Rebuilding Place in the Urban Space

"A community’s physical form, rather than its land uses, is its most intrinsic and enduring characteristic." [Katz, EPA] This blog focuses on place and placemaking and all that makes it work--historic preservation, urban design, transportation, asset-based community development, arts & cultural development, commercial district revitalization, tourism & destination development, and quality of life advocacy--along with doses of civic engagement and good governance watchdogging.

Monday, July 18, 2005

Interesting City attitude-Suburban attitude survey in Metro Detroit

Suburbanites at the Detroit Institute of Arts.Photo: John T. Greilick / The Detroit News. Melissa, Max and Madison Summers of Royal Oak visit the Detroit Institute of Arts. Even suburbanites who don't avail themselves of Detroit's offerings feel a strong bond to the city, a poll shows.

I was surprised to see in this article from the Detroit News, "Suburban residents back Detroit, but not its mayor: Missteps have cost Kilpatrick support in the places where he usually gets campaign money," that suburban residents actually care about the center city, in part because that's where many people lived at one time or another in the recent past. Part of the suburban attitude is a general attitude of anti-urbanism (which means anti-center city), according to this article, "Vulgaria: The Re-enchantment of the Suburbs," by geographer Paul Knox.

The News article says that "A strong majority of suburban residents feel connected to Detroit, believe they have a stake in the city's revival and would support some kind of state financial aid to help it recover from decades of decline. And they forcefully condemn its current leadership, according to a Detroit News poll. The survey, conducted last week by Mitchell Research among registered voters in Oakland and Macomb counties and Wayne County outside of Detroit, gave Mayor Kwame Kilpatrick an 80 percent disapproval rating.

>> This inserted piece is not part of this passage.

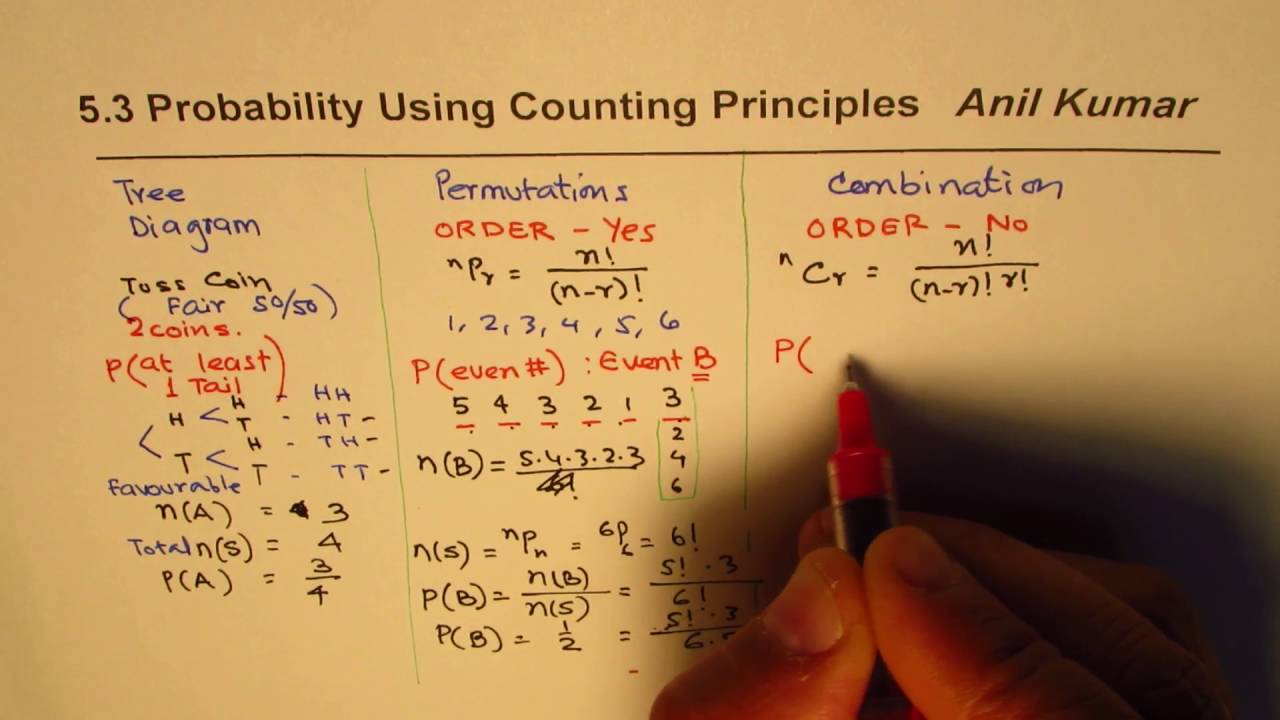 Probability with Counting Principles Permutation Combination Concepts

The poll shows why suburban residents stay plugged in to Detroit politics. More than half of those surveyed said they visit the city regularly and believe its problems drag down the entire region. The implications for Kilpatrick's flagging re-election bid are severe, since suburban residents typically contribute the lion's share of campaign donations that could prove crucial in deciding who will be mayor for the next four years. "I love this city," said survey respondent Sheila Sweeny, 57, of Harper Woods. "I complain about the winters and the summers, but I can't imagine leaving. But what I see happening makes me sad."

It would be interesting to see a similar survey of the Washington region. I am always surprised to meet people around the Metro area who have deep ties to the city, if you work hard enough to uncover them. They tend to be older though (makes sense because much of the migration to the suburbs took place in the 1950s and into the 1960s), and the succeeding generations have a more evident disdain for the city, and work to "quieten" their parents and older relatives on city issues.